■ **WORK ORDER**
The lines to repeat are those below from the one containing "Slim Fit Casual" down to the one containing "Green wrap sweater", both included; reproduce them exactly and nothing else.

■ **THE DATA**
>>>>

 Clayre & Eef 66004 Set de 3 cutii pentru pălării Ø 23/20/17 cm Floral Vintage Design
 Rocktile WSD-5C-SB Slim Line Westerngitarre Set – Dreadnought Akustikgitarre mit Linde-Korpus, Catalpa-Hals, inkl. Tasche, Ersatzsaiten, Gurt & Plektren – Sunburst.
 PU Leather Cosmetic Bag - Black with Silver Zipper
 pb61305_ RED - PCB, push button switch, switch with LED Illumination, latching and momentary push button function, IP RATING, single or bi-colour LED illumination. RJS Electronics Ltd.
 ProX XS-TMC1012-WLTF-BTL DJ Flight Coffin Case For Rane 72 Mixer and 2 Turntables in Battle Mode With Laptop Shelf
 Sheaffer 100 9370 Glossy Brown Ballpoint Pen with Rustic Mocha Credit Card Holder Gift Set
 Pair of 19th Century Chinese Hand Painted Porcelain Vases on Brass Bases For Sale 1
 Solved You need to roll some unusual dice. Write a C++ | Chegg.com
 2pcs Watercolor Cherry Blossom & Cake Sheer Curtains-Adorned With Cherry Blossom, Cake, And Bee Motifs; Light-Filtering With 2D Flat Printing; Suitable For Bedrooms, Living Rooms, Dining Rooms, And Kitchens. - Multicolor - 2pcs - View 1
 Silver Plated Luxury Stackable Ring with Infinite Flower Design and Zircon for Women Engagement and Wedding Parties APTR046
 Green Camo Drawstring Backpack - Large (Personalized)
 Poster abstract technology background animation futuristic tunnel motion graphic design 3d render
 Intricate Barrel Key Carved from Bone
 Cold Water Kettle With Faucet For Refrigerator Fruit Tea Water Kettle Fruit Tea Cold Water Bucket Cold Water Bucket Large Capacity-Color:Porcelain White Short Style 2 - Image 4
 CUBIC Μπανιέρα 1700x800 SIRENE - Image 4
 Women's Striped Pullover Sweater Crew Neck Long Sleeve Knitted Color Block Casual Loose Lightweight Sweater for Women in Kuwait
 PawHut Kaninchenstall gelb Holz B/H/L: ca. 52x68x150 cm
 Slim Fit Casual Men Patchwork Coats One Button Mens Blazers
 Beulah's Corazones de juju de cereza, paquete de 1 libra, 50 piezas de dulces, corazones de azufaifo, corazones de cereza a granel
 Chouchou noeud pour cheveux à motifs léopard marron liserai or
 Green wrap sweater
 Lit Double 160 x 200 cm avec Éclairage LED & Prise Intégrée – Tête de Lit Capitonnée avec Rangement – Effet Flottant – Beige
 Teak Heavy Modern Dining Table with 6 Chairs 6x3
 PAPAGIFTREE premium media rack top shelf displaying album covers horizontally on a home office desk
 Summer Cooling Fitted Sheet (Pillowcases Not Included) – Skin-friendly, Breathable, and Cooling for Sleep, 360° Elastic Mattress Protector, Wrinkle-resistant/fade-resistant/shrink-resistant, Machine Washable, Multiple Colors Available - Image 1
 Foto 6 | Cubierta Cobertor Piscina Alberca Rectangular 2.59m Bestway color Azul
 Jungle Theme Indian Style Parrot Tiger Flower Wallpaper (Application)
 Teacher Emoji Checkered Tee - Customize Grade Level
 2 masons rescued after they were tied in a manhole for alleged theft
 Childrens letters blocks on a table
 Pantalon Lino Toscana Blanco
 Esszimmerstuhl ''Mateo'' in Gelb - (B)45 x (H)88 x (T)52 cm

<<<<

■ **RESULT BELOW**
 Slim Fit Casual Men Patchwork Coats One Button Mens Blazers
 Beulah's Corazones de juju de cereza, paquete de 1 libra, 50 piezas de dulces, corazones de azufaifo, corazones de cereza a granel
 Chouchou noeud pour cheveux à motifs léopard marron liserai or
 Green wrap sweater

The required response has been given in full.